3D cinema might bring dinosaur jaws right up to your nose, but it’s a wonder the great beasts don’t just laugh when they see the oddball glasses on your head that makes the effect possible. A new advancement from MIT takes a well-known trick known as the parallax barrier and leverages it in a way particular to how we move our heads in movie theaters. A small prototype using 50 mirrors and lenses has been developed and, if researchers can advance upon the idea, glassless 3D viewing might just become the future of cinema.
Parallax barriers are the way in which some current 3D devices – like the Nintendo 3DS – deliver a multi-dimensional viewing experience direct to our eyes without the need for glasses. It basically works by arranging barriers on the screen (crystals in the case of the 3DS) that allow each of our eyes to only see certain images that are slightly different from each other. When the brain puts those images together, the main picture seems to have a three-dimensional depth. In a way, it’s no different than those old-fashioned stereoscopic imagesthat used to be sold on boardwalks everywhere.

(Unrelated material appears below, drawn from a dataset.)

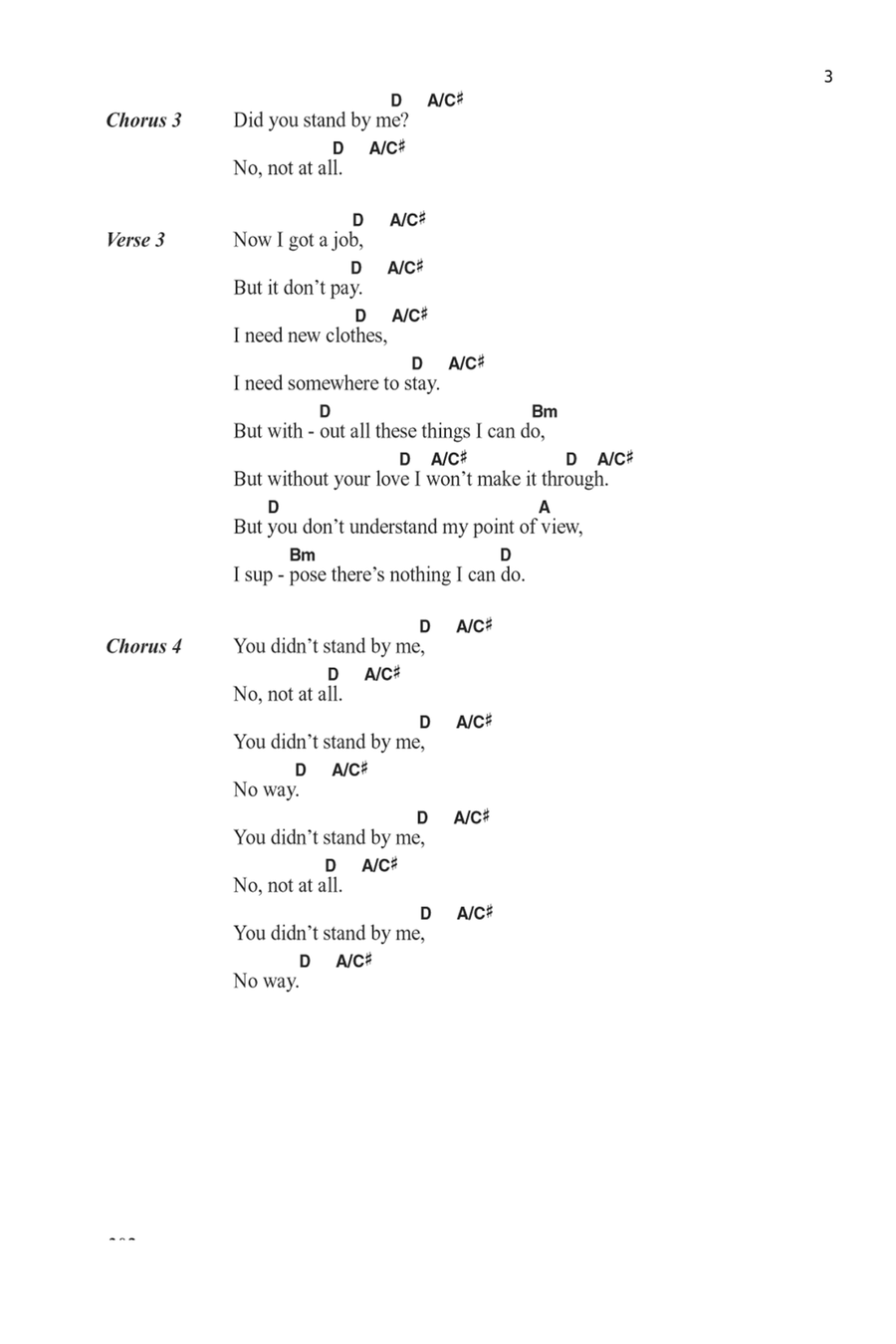 Train In Vain Electric Guitar scores gallery preview page 3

The parallax barrier approach works on the 3DS because gamers can basically hold the screen at exactly the right position to line up the barriers with each eye and make the 3D effect work (although, it should be noted that the new 3DS XL uses face-tracking technology to make keep the barriers in line for a more seamless 3D experience.)

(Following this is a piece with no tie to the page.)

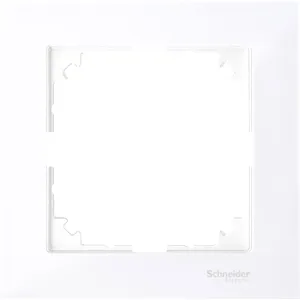 Rama simpla M-Pure, alb polar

So it works fine with small screens, but for larger screens, the issue gets more complex. Even with a television, it’s difficult to pull off parallax-barrier-enhanced viewing because people sit at different heights in the room and view the TV from different angles. The problem is compounded in the large scale of a movie theater.

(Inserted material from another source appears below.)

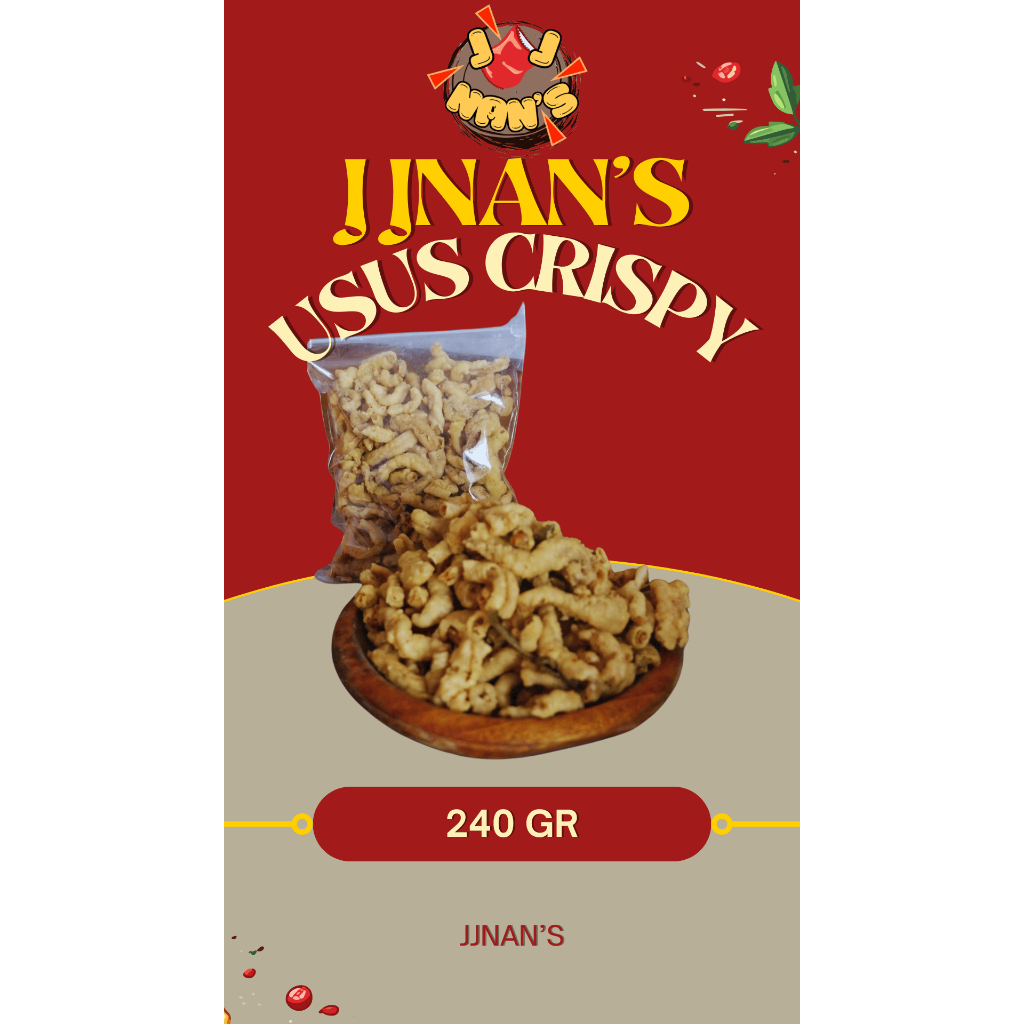 

JJnan's Usus Crispy Original dan Pedas Asin (240 GR)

To overcome the issue, the MIT researchers realized that people don’t really move around much in a movie-theater seat. Their heads have a limited range of motion constrained by the seat in which any individual is sitting. So, the scientists decided that if they could beam individual parallax-barrier-enhanced images to each seat, every person could get a 3D experience without having to wear glasses.
A prototype followed that is only a little bigger than a pad of paper. Using 50 sets of mirrors and lenses, the system, which the researchers are calling Cinema 3D, beams a different set of images through parallax barriers customized to each seat in the theater.
“It remains to be seen whether the approach is financially feasible enough to scale up to a full-blown theater,” says MIT professor Wojciech Matusik, one of the co-authors on a related paper. “But we are optimistic that this is an important next step in developing glasses-free 3D for large spaces like movie theaters and auditoriums.”